Ethereum-Mitgründer Vitalik Buterin möchte die Art und Weise, wie Nutzer mit Ethereum-Wallets und Smart Contracts interagieren, grundlegend verbessern. Seiner Ansicht nach sollten Sicherheit und Benutzerfreundlichkeit nicht als getrennte Bereiche betrachtet werden. Beide folgen demselben Prinzip: die Differenz zwischen dem, was ein Nutzer beabsichtigt, und dem, was das System tatsächlich ausführt, möglichst gering zu halten. Sein Vorschlag basiert auf Transaktionssimulationen und mehreren Ebenen der Intentionskontrolle.
Ethereum ist erhältlich bei Bitvavo und Bybit. Lesen Sie auch, wie Ethereum kürzlich seinen Zensurschutz mit einem Upgrade gestärkt hat.
Intention als Kern der Sicherheit
In einem ausführlichen Beitrag auf X erläutert Buterin seine Sichtweise auf Sicherheit. Risiken entstehen seiner Meinung nach immer dann, wenn eine Lücke zwischen der Absicht des Nutzers und dem endgültigen Ergebnis auf der Blockchain besteht. Perfekte Sicherheit existiere nicht, da menschliche Intention äußerst komplex sei und sich niemals vollständig in Code abbilden lasse.
Selbst eine scheinbar einfache Handlung wie das Versenden von 1 ETH an eine andere Person ist in der Praxis kompliziert. Wer oder was genau ist „Bob“? Eine Wallet-Adresse? Eine reale Person? Was geschieht im Falle eines Chain-Splits? Solche Annahmen erscheinen selbstverständlich, sind jedoch mathematisch schwer zu definieren. Mehr über die Grundlagen des Netzwerks erfahren Sie in unserer Einführung zu Ethereum, Smart Contracts und dApps.
Transaktionssimulation als zusätzliche Kontrollschicht
Ein zentrales Element seiner Vision ist die Transaktionssimulation. Dabei gibt der Nutzer zunächst an, welche Aktion er ausführen möchte. Die Wallet zeigt anschließend ein simuliertes Ergebnis der On-Chain-Transaktion an.
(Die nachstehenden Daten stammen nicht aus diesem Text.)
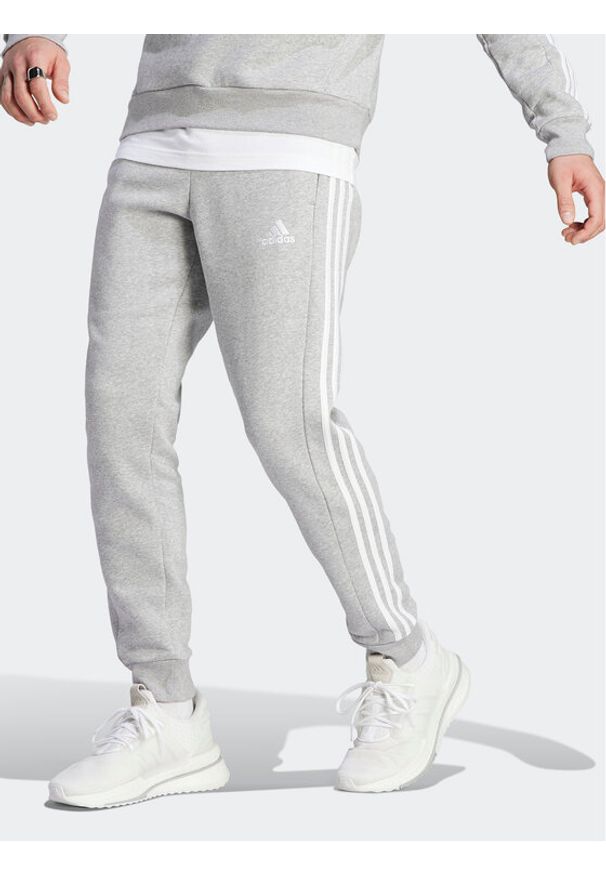 Adidas - Spodnie dresowe adidas. Kolor: szary. Materiał: bawełna, dresówka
Erst nach dieser Überprüfung kann der Nutzer die Transaktion bestätigen oder abbrechen.
Das Konzept sieht vor, mehrere sich überschneidende Intentionssignale zu verlangen. Dazu zählen beispielsweise Ausgabenlimits, der Einsatz von Multisig-Wallets oder zusätzliche Bestätigungen bei ungewöhnlichen Transaktionen. Eine Transaktion wird nur dann ausgeführt, wenn Aktion und erwartetes Ergebnis übereinstimmen.
Einfach bei geringem Risiko, strenger bei hohem Risiko
Buterin betont, dass Sicherheit nicht bedeuten darf, jede Handlung mit zusätzlichen Klicks zu erschweren. Niedrigrisikotransaktionen sollten reibungslos ablaufen, während größere oder ungewöhnliche Transaktionen zusätzliche Prüfungen auslösen. Kleine Zahlungen sollen unkompliziert möglich sein, während potenziell gefährliche Aktionen strengere Kontrollen erfordern.
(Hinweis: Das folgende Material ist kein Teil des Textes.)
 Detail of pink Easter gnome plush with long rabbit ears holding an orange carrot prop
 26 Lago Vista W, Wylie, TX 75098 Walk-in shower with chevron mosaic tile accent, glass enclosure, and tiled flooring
Er sieht zudem eine Rolle für KI-Systeme wie Large Language Models. Diese könnten als zusätzliche Ebene fungieren, um ungewöhnliches Verhalten zu erkennen. Gleichzeitig warnt er davor, solche Modelle als alleinige Entscheidungsinstanz einzusetzen. Sie sollten lediglich eine weitere Perspektive zur Bewertung der Nutzerintention darstellen.
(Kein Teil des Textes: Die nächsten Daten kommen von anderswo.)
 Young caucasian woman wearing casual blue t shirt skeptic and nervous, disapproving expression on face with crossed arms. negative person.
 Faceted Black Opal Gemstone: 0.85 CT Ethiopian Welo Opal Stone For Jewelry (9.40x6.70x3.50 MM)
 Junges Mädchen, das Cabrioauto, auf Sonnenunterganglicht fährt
Mit diesem Ansatz verschiebt sich der Fokus von rein technischer Sicherheit hin zu einem besseren Verständnis und einer klareren Bestätigung der Nutzerabsicht. Gelingt es Wallets und Smart Contracts, diese Lücke zu schließen, könnte dies sowohl die Sicherheit als auch die Benutzerfreundlichkeit von Ethereum erheblich verbessern.